Friendsgiving, and the PHS meaning behind it

Liz Peterson

More stories from Liz Peterson

May 25, 2022
A delicious Thanksgiving dinner.

Creative Commons

A delicious Thanksgiving dinner.

Friendsgiving is an ever growing tradition with friends throughout PHS. Many students see it as a break during the busy holiday season. The bustling hurry with family and school can be relieved with a little fun and a lot of food.

Although most PHS students live with their families and celebrate holidays with them, a growing number of Friendsgiving traditions have been popping up. Senior Jace Bohlman is one of those students.

“I typically have Thanksgiving lunch with my family and one or two Friendsgiving dinners,” Bohlman said. “We almost always play games at both of these events.”

Good food is one of the biggest parts of Thanksgiving. Whether it’s lunch, dinner or even breakfast, the food never seems to disappoint. A general rule for a Friendsgiving feast is the host makes the turkey and nothing more. Everything else is served potluck style. 

“For Friendsgiving, I always try to make some homemade bread rolls if I have the time,” Bohlman adds. “And Apples to Apples is typically my favorite to play at Friendsgiving.”

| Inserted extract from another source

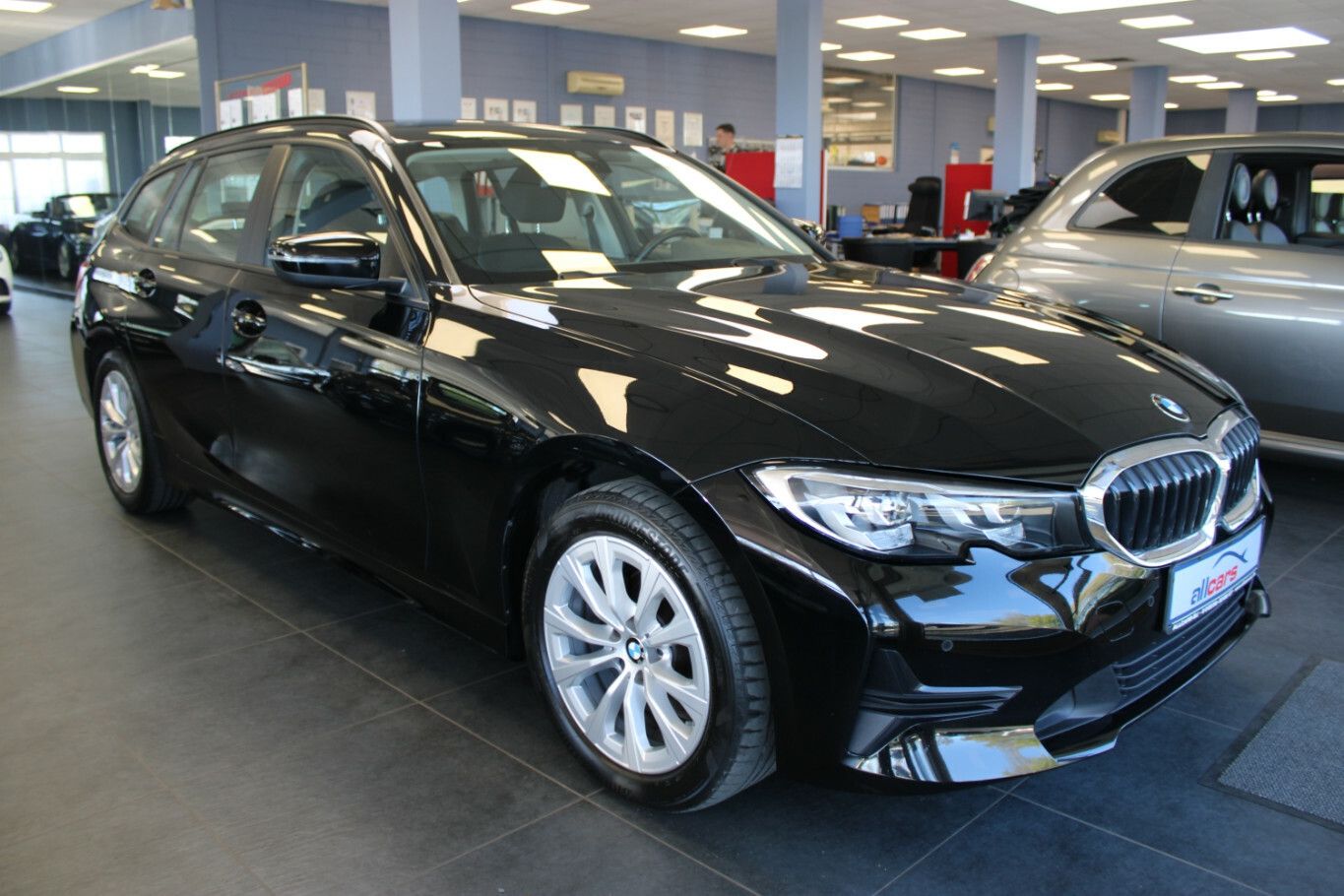BMW 318 318d Touring Aut. Advantage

Another exciting part of Friendsgiving is the games and activities. Many people see these as a way to relax over Thanksgiving break.

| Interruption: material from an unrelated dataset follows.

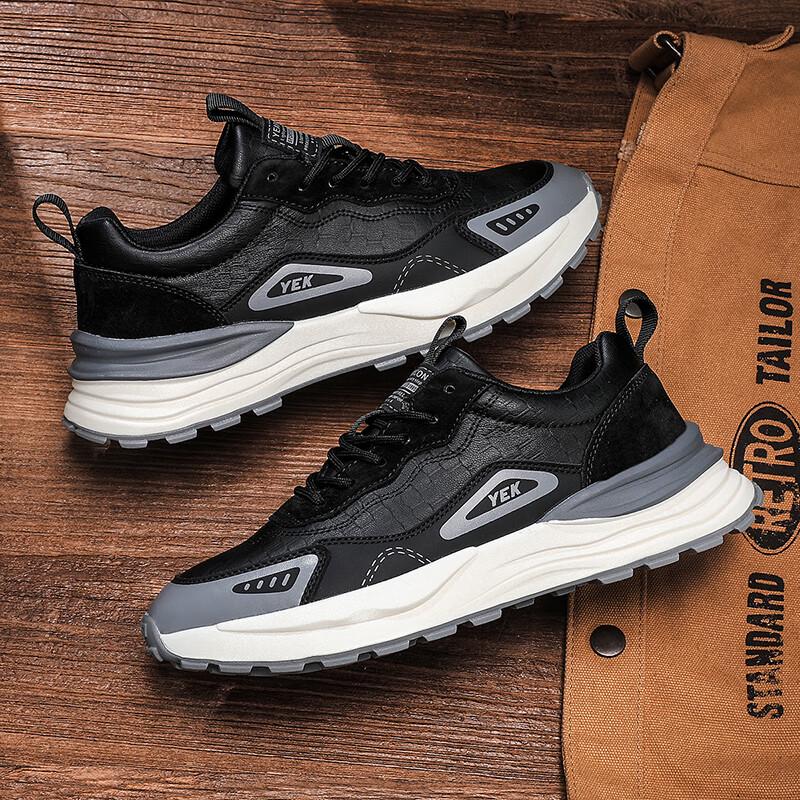 YEARCON Men's Thick-Soled Casual Outdoor Shoes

“We usually go outside and play football or wrestle,” freshman Juan Torres said. “If it’s cold we go to the gym and play basketball instead.”

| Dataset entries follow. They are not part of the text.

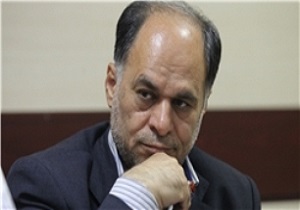 ایجاد پایانه در مرز نباید تنها به نفع یک نفر باشد/ این که فردی از مرکز مجوز احداث پایانه در استان می گیرد برای من پذیرفتنی نیست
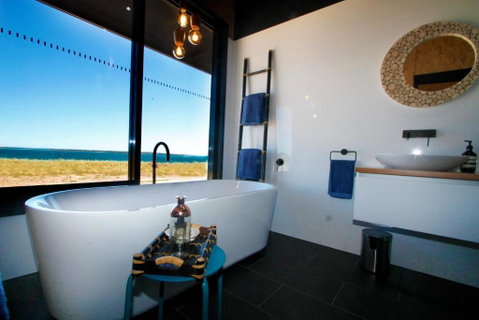 Perlubie Sea - Queensland Tourism 0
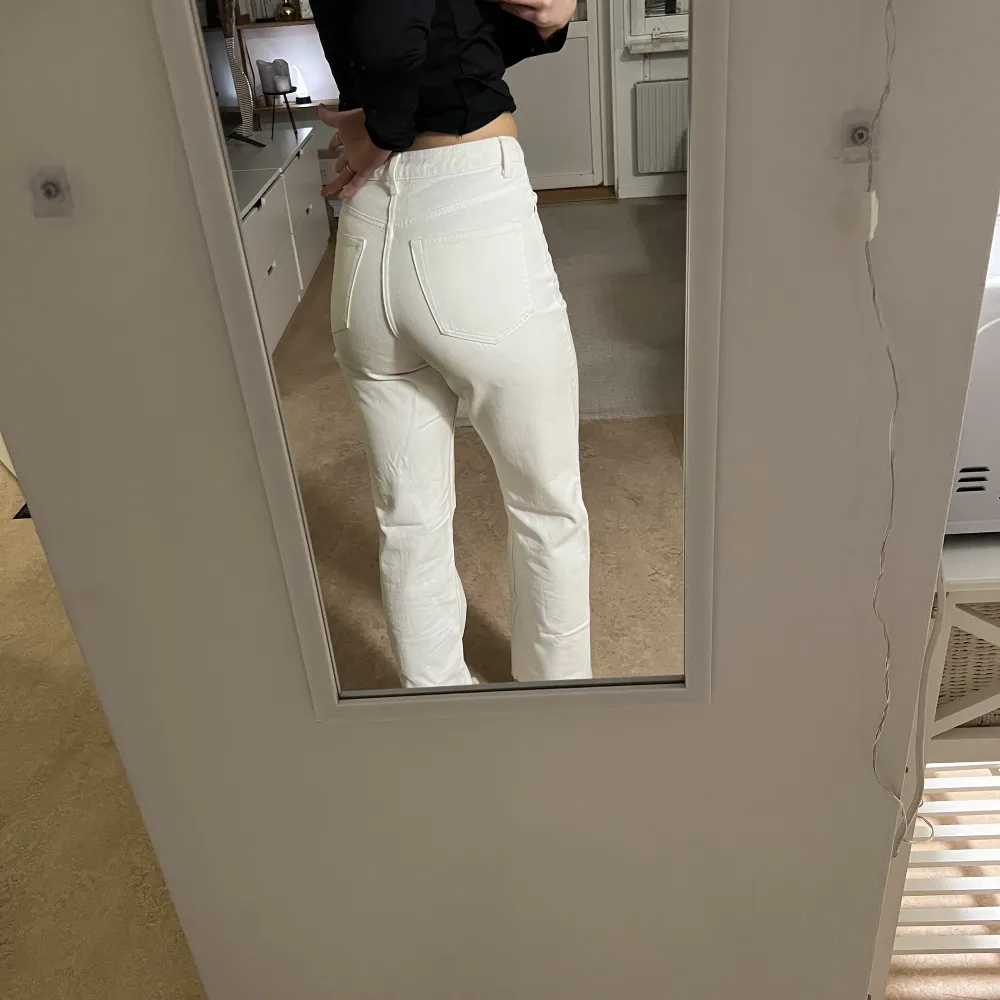 Jag säljer ett par vita weekday jeans i modellen ROW! De är i storlek 26/30 och är i fint skick!  Hör av er om ni har frågor och vad ni kan tänka er för pris, från 149 kr.  (Köparen står för frakt själv). Jeans & Byxor.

Although it may not look like it from the outside. These times with friends are an everlasting memory and will stay with you for many years to come. 

“The time with my family is important,” Torres says. “But hanging out with my friends, having good food, and making memories is what Thanksgiving is about for me.”

The time with my family is important. Hanging out with my friends, having good food, and making memories is what Thanksgiving is about for me.”

— Juan Torres

The tradition shows a bond between friends and often continues for many years, even after highschool.

“If you are thinking about making your own Friendsgiving, then go for it,” Bohlman says. “There are no rules, just another reason to get together and eat some good food.”